Interpretation of TWAS and its vulnerabilities

The recent pre-print of (Wainberg et al. 2017) examined the TWAS approach for prioritizing target genes in GWAS studies. The work has relevance to a broad class of methods for “post-GWAS” analysis and spurred interesting discussions. As an author of one of these methods (Gusev et al. 2016), I thought it would be useful to talk about what TWAS is doing; why; and how it fits into our current understanding of complex traits.

UPDATE: The authors respond here with thoughtful points and useful additional context. Please read the whole thing, but I specifically want to echo their point that understanding how well TWAS (and other methods) prioritize causal genes is a critical question right now. I think one way to move toward an answer is by establishing clear metrics for what we consider a successful prioritization (ideally metrics that are agnostic of QTL evidence) and systematically evaluating the performance of all commonly used approaches (including manual curation).

What is TWAS?

TWAS is a test for significant association between the cis component of gene expression and the GWAS trait. It is part of a broad class of approaches that identify relationships between QTL and GWAS to find target genes. These approaches have many applications: risk prediction; pathway enrichment; causal inference between traits; drug repurposing; identifying disease-associated epigenetic features; and gene prioritization. In their pre-print, WEA explore the application of TWAS to causal gene prioritization in a GWAS of Crohn’s disease and LDL cholesterol. First, they observe loci where TWAS identifies an association at the presumed causal gene, but also at other genes. Second, they switch to less appropriate tissues and find that TWAS often no longer observes an association for the presumed causal gene but observes associations to other genes. They conclude that the approach is therefore “invalid” for finding causal genes. This conclusion is driven by a misinterpretation of TWAS as a causal inference test rather than a test for association. Subsequent claims of “vulnerability”, “false discovery”, and “instability” stem from this misinterpretation. TWAS is neither vulnerable nor invulnerable to discovering non-causal genes because it is not a test for causality. Just as a GWAS study identifies significantly associated non-causal SNPs which need to be fine-mapped, so too a TWAS study will find significantly associated non-causal genes. WEA do not present any cases of false associations, which would be a true vulnerability for TWAS. Although WEA focus on our TWAS/FUSION method because it’s so easy to use [kidding!], they conclude that these vulnerabilities apply to many methods including SMR, PrediXcan, Sherlock, coloc, QTLMatch, eCAVIAR, enloc, RTC – which I’ll generally refer here to as QTL/GWAS methods.

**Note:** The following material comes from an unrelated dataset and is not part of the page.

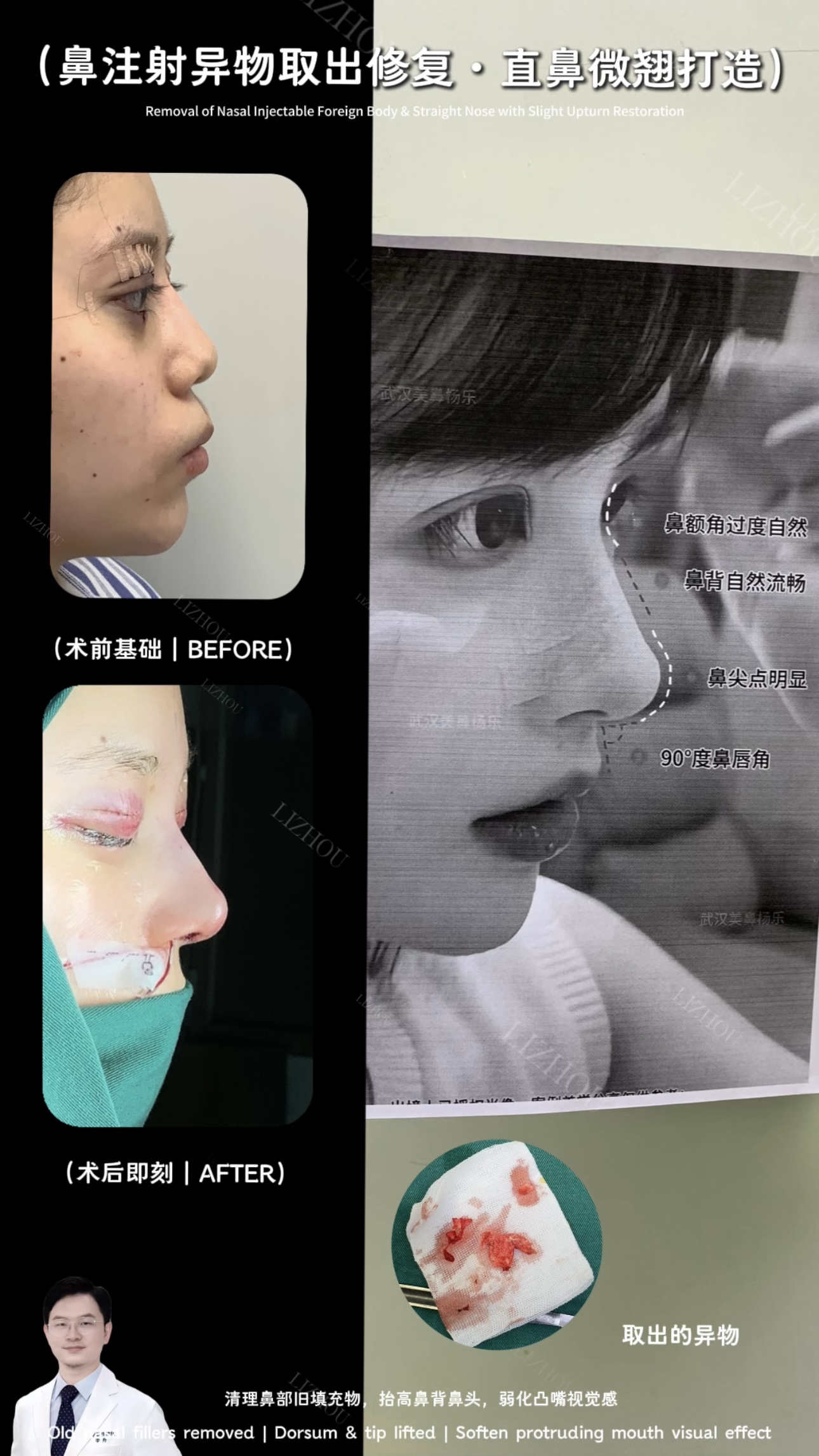 Case 01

What are QTL/GWAS methods doing?

The goal of these methods is to estimate properties of the genetic relationship between gene expression and GWAS trait. They fall into two broad categories:

TWAS/FUSION, PrediXcan/MetaXcan, SMR: A test for significant genetic correlation between cis expression and GWAS. A helpful intuition is that when the cis expression of a gene is driven entirely by a single eQTL $i$, the resulting test statistic will be equal to the raw GWAS association of $i$. (Note: approximately for SMR because it incorporates the uncertainty on the eQTL … but SMR also restricts to eQTLs with very low uncertainty)
coloc, eCAVIAR, enloc: An estimator of the posterior probability of colocalization, where colocalization is defined as one (or more) shared causal variants between the expression and GWAS. In the case of a single eQTL $i$, this probability will approach 1.0 only if the probability of the causal configuration containing $i$ for the GWAS is also high. In this example, TWAS association is necessary but not sufficient for colocalization. A secondary difference is that colocalization maxes out at a posterior of 1.0, regardless of the underlying effect-size, whereas TWAS also captures the strength of the genetic association. In this way the two approaches are complementary.

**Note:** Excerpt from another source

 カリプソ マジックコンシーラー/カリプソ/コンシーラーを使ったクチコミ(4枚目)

To my knowledge, none of these methods claim to perform causal gene discovery (see footnote). Causal inference is challenging. It is especially challenging when you have a single snapshot of the phenotypes you’re interested in and a relatively small number of independent variants. So these approaches estimate support for less stringent gene-disease relationships: how strongly are the variants associated with expression also associated with the trait? what’s the probability that the same causal variants are shared between expression and the trait?

Why do we care about these genes if they are not causal?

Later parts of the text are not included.